Founded in 1957, Pelco moved from Gardena to Fresno in 1982, then to Clovis five years later. In 1987, when McDonald and his team took over, Pelco had 100 employees.
Pelco was sold to France-based Schneider Electric in 2007 and McDonald retired last year. The company has about 1,800 employees in Clovis today.
McDonald said he hopes his donation for the animal shelter spurs others to pitch in as well. The city is seeking grants and planning other fund-raising efforts as it tries to raise $1 million more to cover the shelter's remaining cost.
McDonald said the animal shelter nonprofit agency is expected to pay the construction costs even though the city is lending about half the construction money to the nonprofit so it can be built sooner.
"The city's participation is to get the funds in place to do this right away," he said. "The nonprofit needs to raise the funds to repay the city."

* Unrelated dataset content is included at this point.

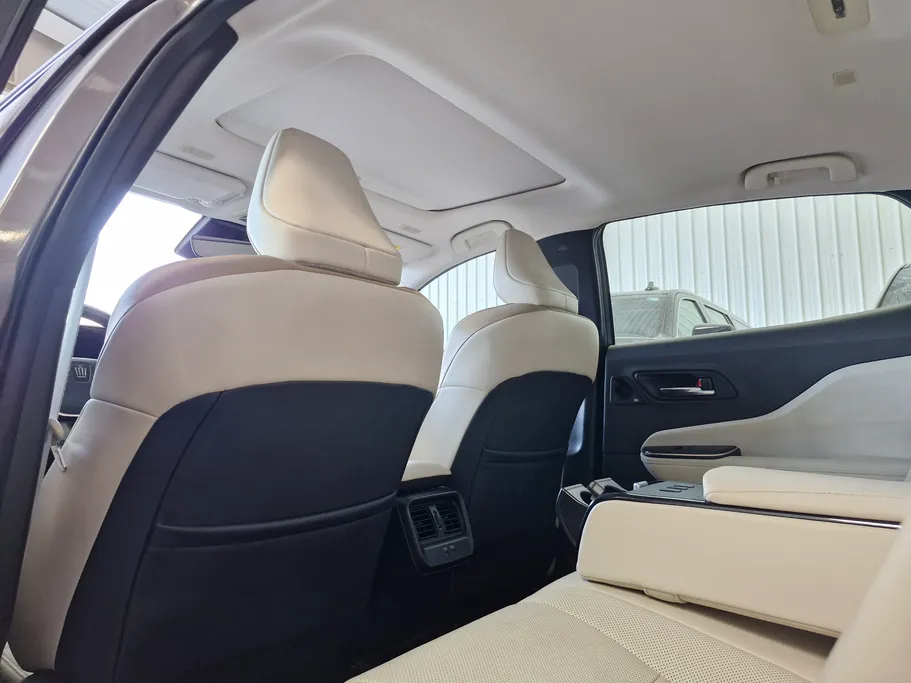 2023 Toyota Crown Premium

The city set aside $1 million for a shelter, and the nonprofit agency was created to help raise funds to pay for the facility. The nonprofit sponsors a dinner each August and has raised about $80,000 in two years, Mayor Harry Armstrong said.
Clovis city leaders were excited to learn about McDonald's donation and the opportunity to build the much-needed facility.
Council Member Lynne Ashbeck said the project has not developed as quickly as others in Clovis because of difficult financial times and other budget priorities. She described McDonald's donation as "extraordinary."
A study done earlier this year said the city needs about 16,500 square feet of space, and the shelter is being built with room for expansion, including a medical area.